I messed up my local install of MySQL (it’s a long story that involves me almost throwing a punch to my 30” monitor). I finally gave up, deleted everything MySQL related according to these notes and then I used homebrew to do a clean install.
After the install I started getting this error:
ERROR 2002 (HY000): Can't connect to local MySQL server through socket '/tmp/mysql.sock' (2)

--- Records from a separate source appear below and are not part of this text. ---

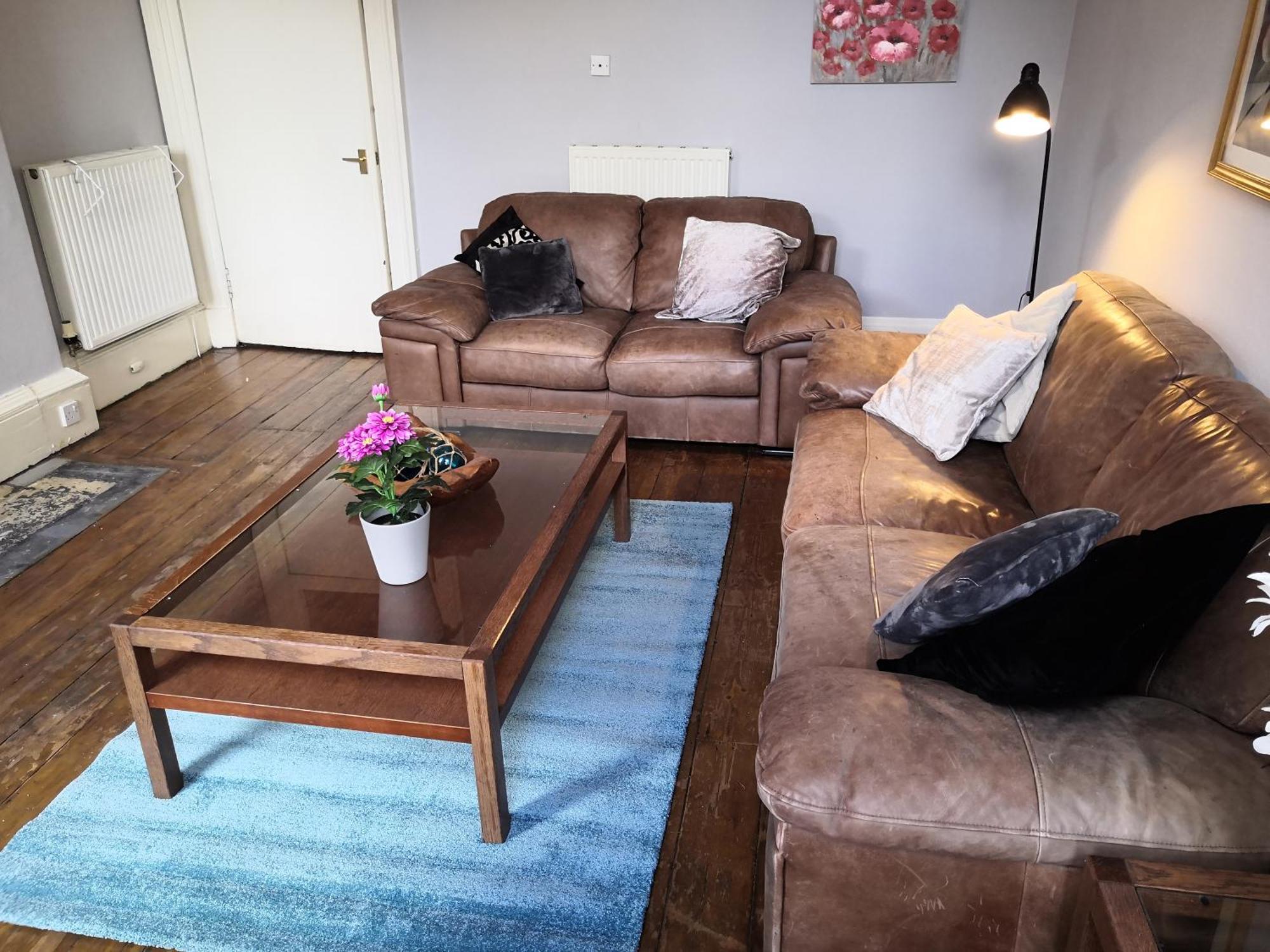 Lauriston Place Apartment *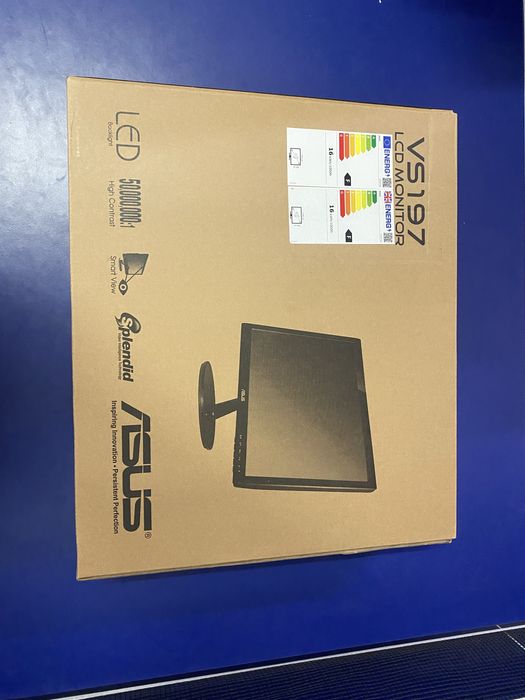 Monitor ASUS VS197 LED 18.5” — Excelente Estado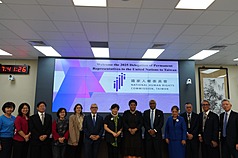 馬紹爾群島、巴拉圭、斐濟的駐聯合國常任代表訪問團4日拜會國家人權委員會。（人權會提供）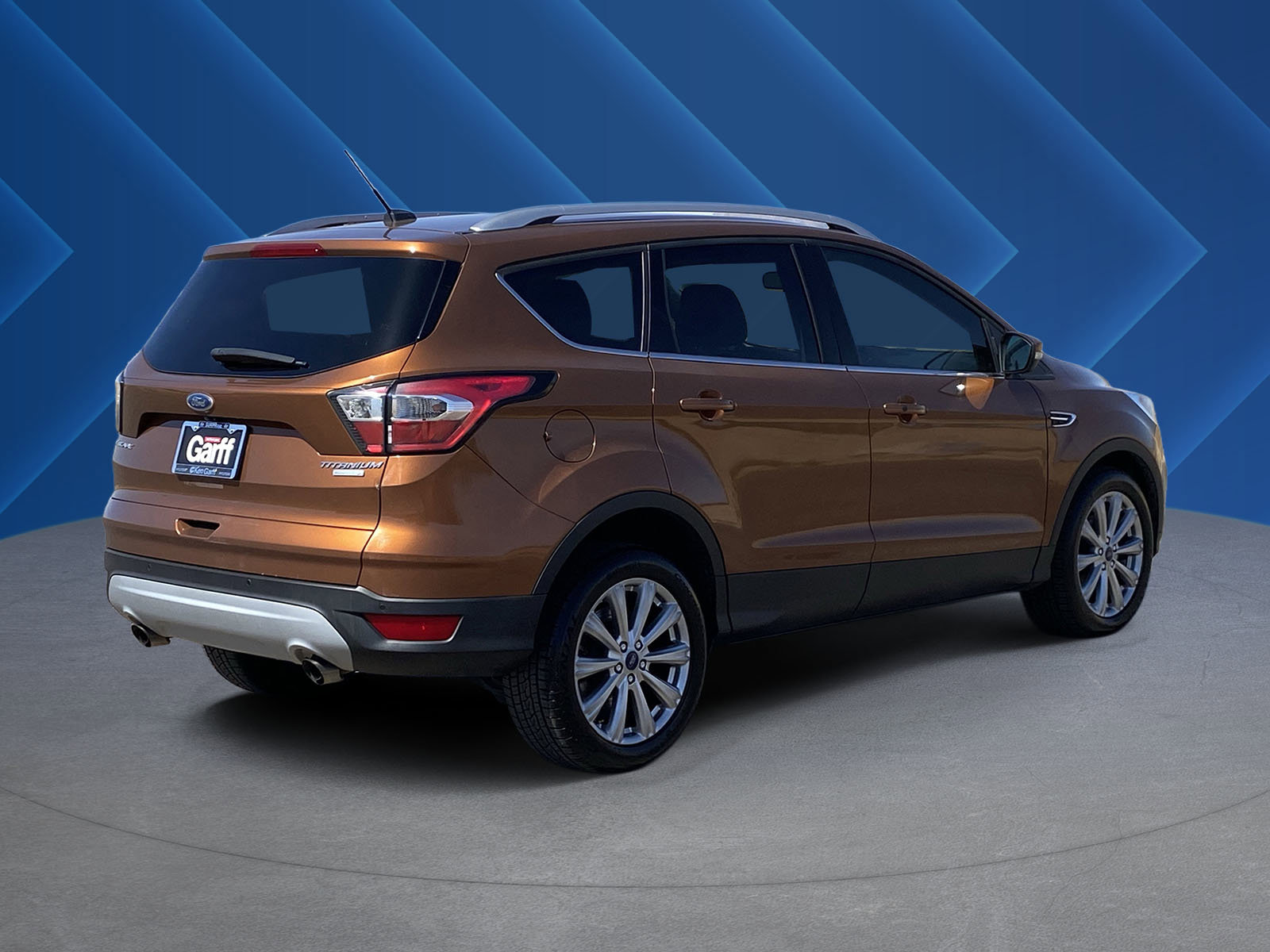 Used 2017 Ford Escape Titanium FWD image 3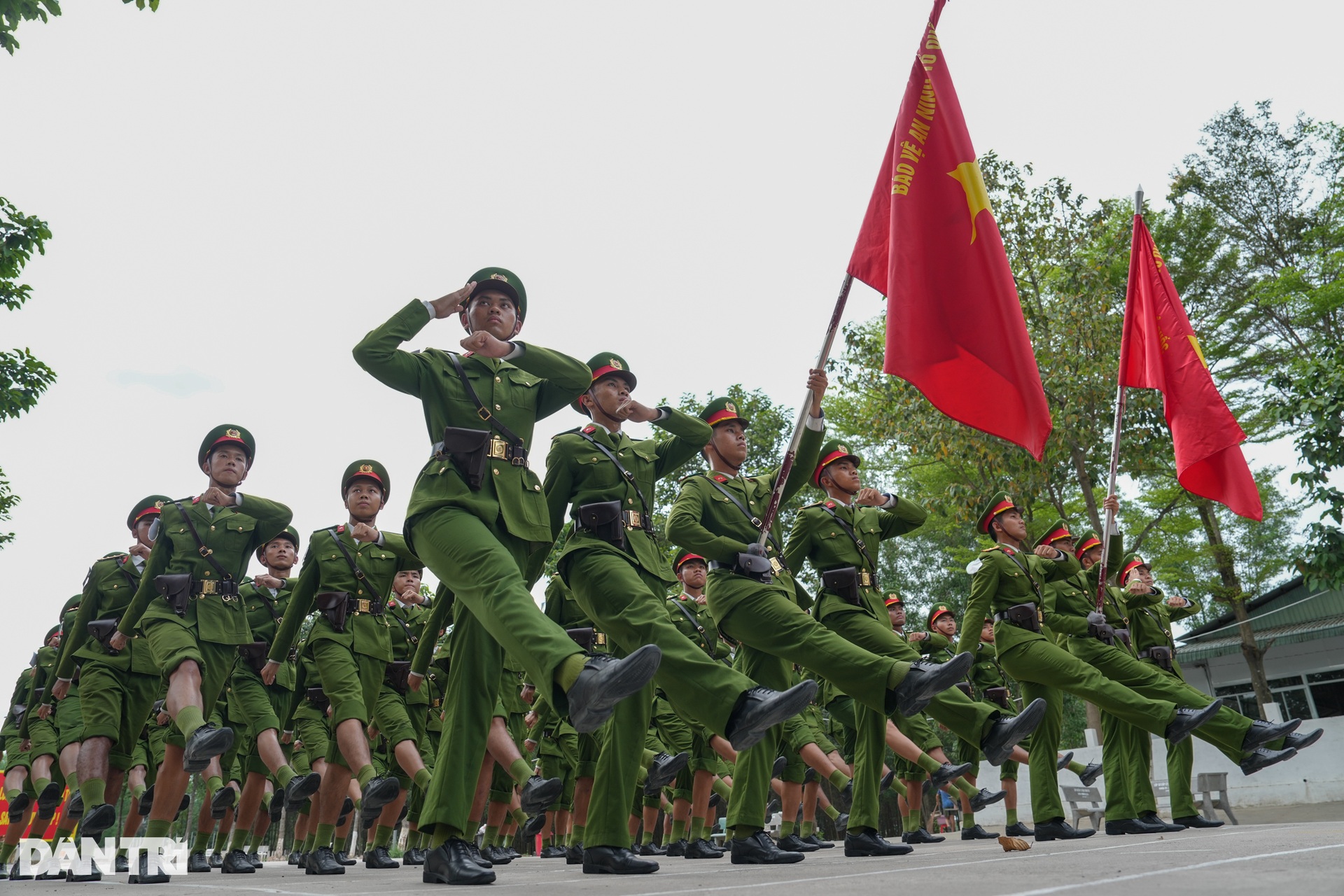 Bên trong thao trường huấn luyện diễu binh, diễu hành cho đại lễ 30/4 - 8 Bên trong thao trường huấn luyện diễu binh, diễu hành cho đại lễ 30/4 - 8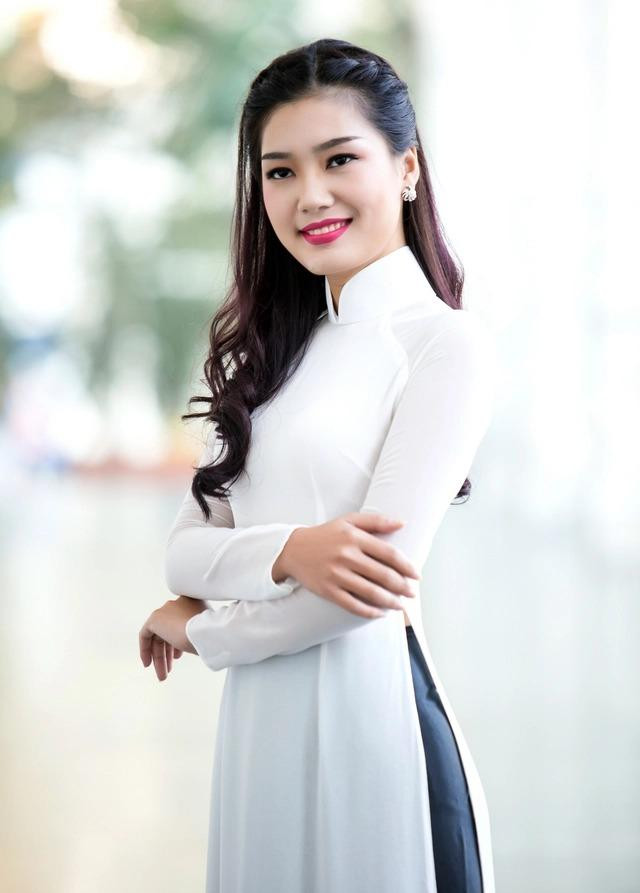 Năm 2015, Lã Thị Kiều Anh thắng giải Người đẹp tài năng nhờ vào phần ảo thuật ấn tượng. Nhờ nhan sắc ấn tượng, cô được xướng tên vào Top 5 chung cuộc Hoa hậu Việt Nam. Sau cuộc thi, cô tham gia một số sự kiện giải trí, được khán giả nhớ đến trước khi vắng bóng và gần như rút khỏi showbiz.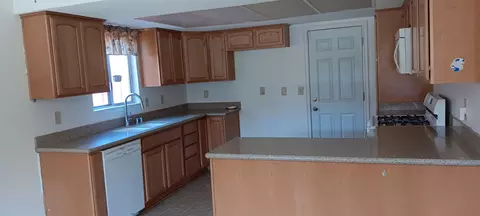 2040 Diamond Ave, Barstow, CA 92311 photo 5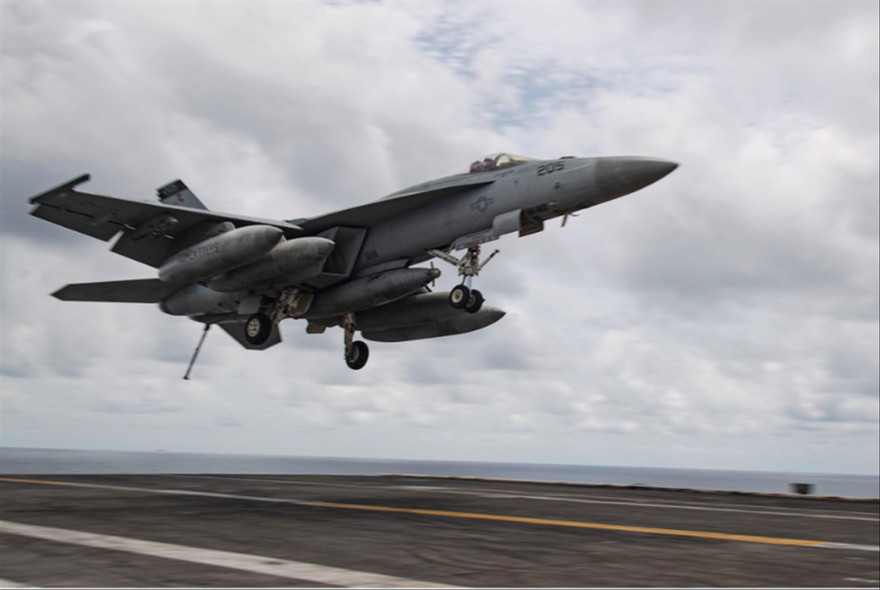 Một chiếc F/A-18E Super Hornet cất cánh từ tàu sây bay USS Theodore Roosevelt ngày 5/4Ảnh: US Navy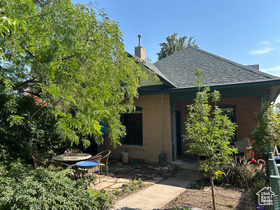 Photo 3 for 722 E 7th Ave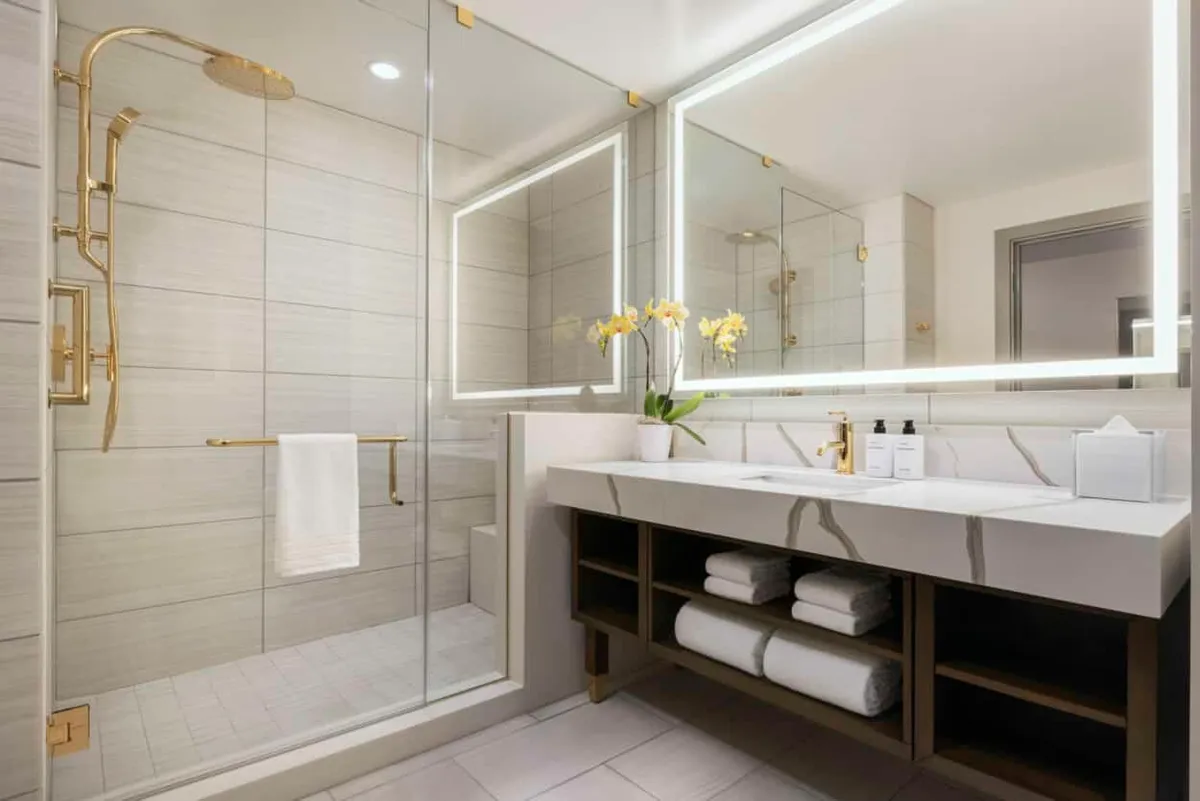 Deluxe Single Room Bathroom at Las Vegas Hilton at Resorts World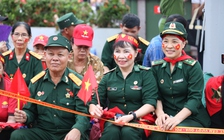 'Nắng gió Trường Sơn còn chẳng ngại, chờ đợi mấy tiếng có là gì'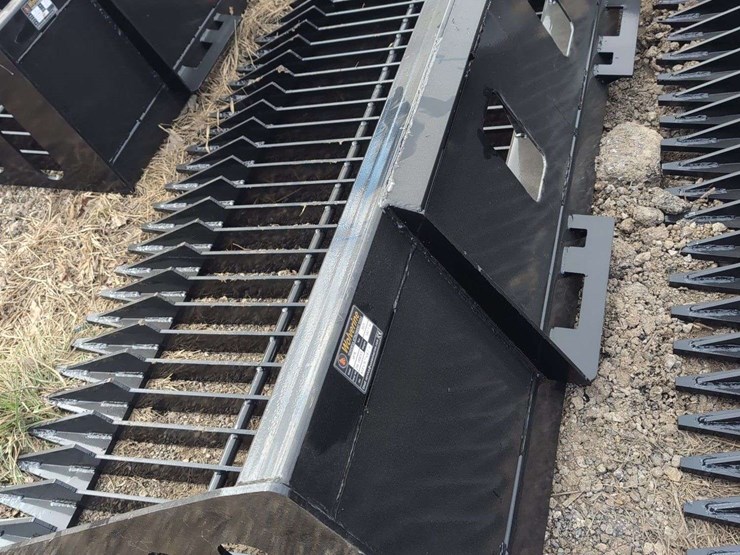 wolverine-skid-steer-sb78-rock-bucket---78"-image-2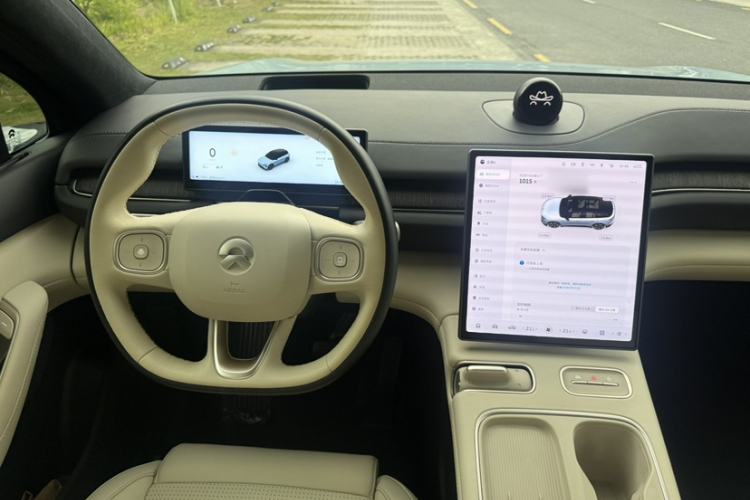 Used Nio ES6 2023 75 kWh
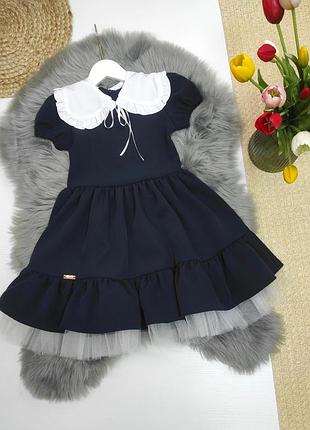 Стильное платье в школу с белым воротничком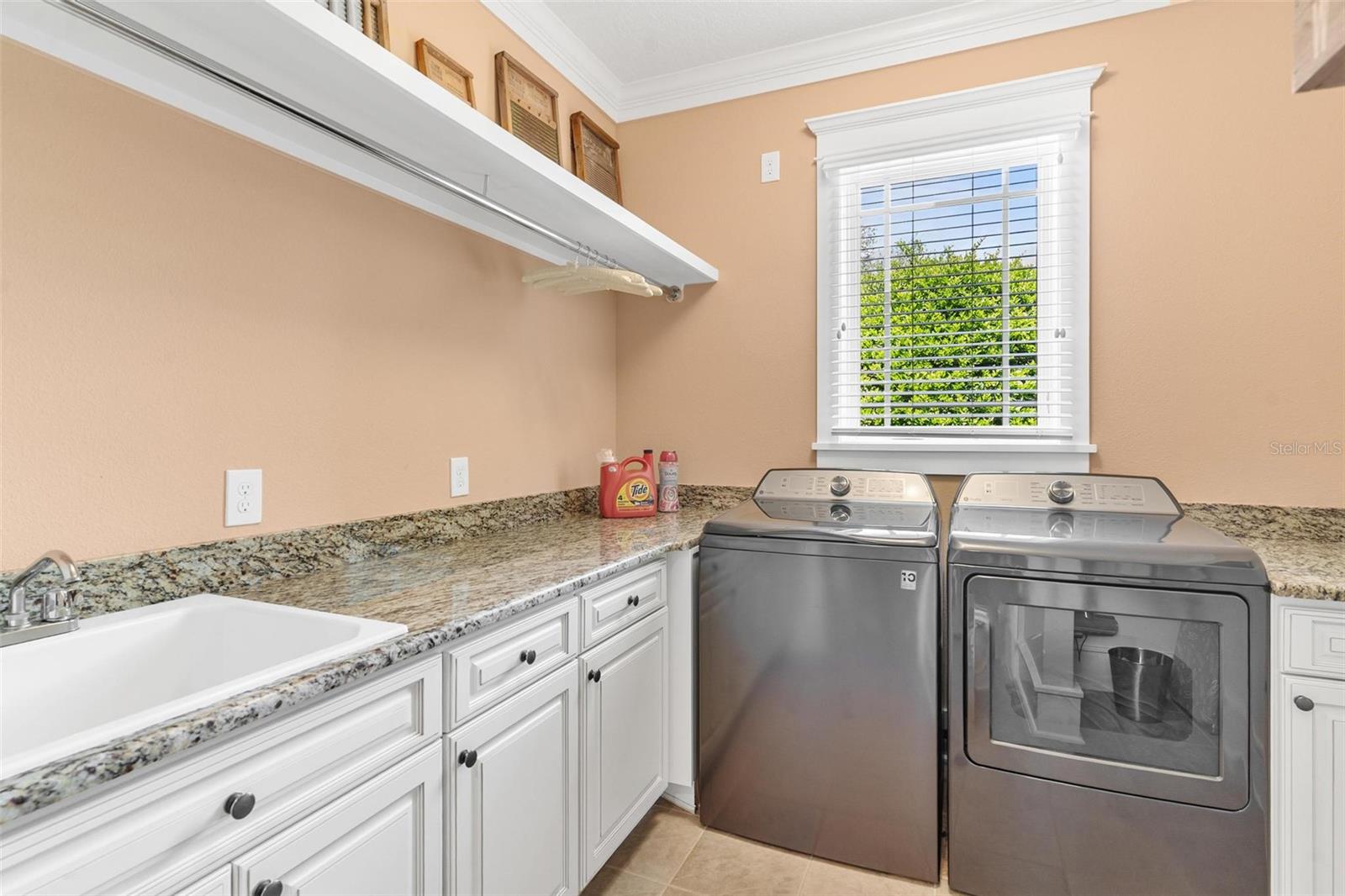 Listing photo id 31 for 10615 104th Circle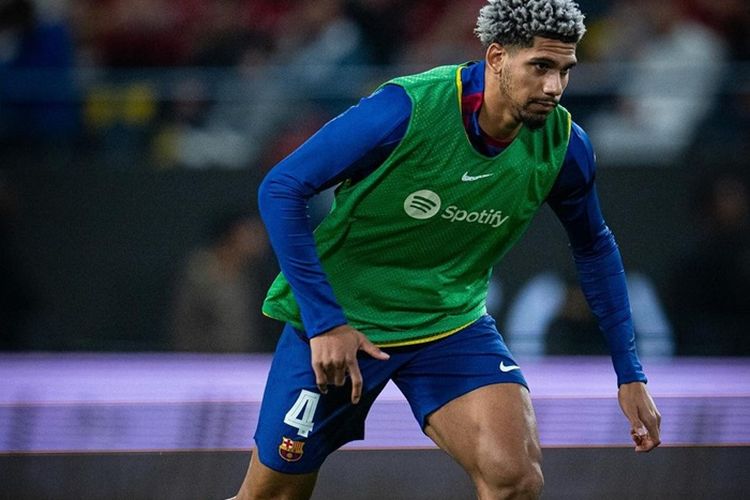 Manchester United Bisa Bajak Ronald Araujo dari Barcelona di Bursa Transfer Musim Dingin Ini dengan 1 Syarat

I couldn’t figure out what was going on so I checked my logs in /usr/local/var/mysql (in that directory find a file that ends in .err). Here’s what I kept seeing over and over again:
110705 14:33:20 [ERROR] /usr/local/Cellar/mysql/5.5.12/bin/mysqld: unknown variable 'default-character-set=utf8'
110705 14:33:20 [ERROR] Aborting
Turns out if you upgrade MySQL you’ll want to modify /etc/my.cnf. This line causes problems:
default-character-set = utf8
Remove that and you should be good. For reference here’s what my ‘/etc/my.cnf’ file looks like:
[mysqld]
max_allowed_packet=64M
collation-server = utf8_unicode_ci
init-connect='SET NAMES utf8'
character-set-server = utf8
As a side note be sure to change max_allowed_packet to something like 64M. I was trying to restore a large database and MySQL kept barfing with this error:
ERROR 2006 (HY000) at line 682: MySQL server has gone away
Turns out the default packet size is to small to restore all but the smallest databases.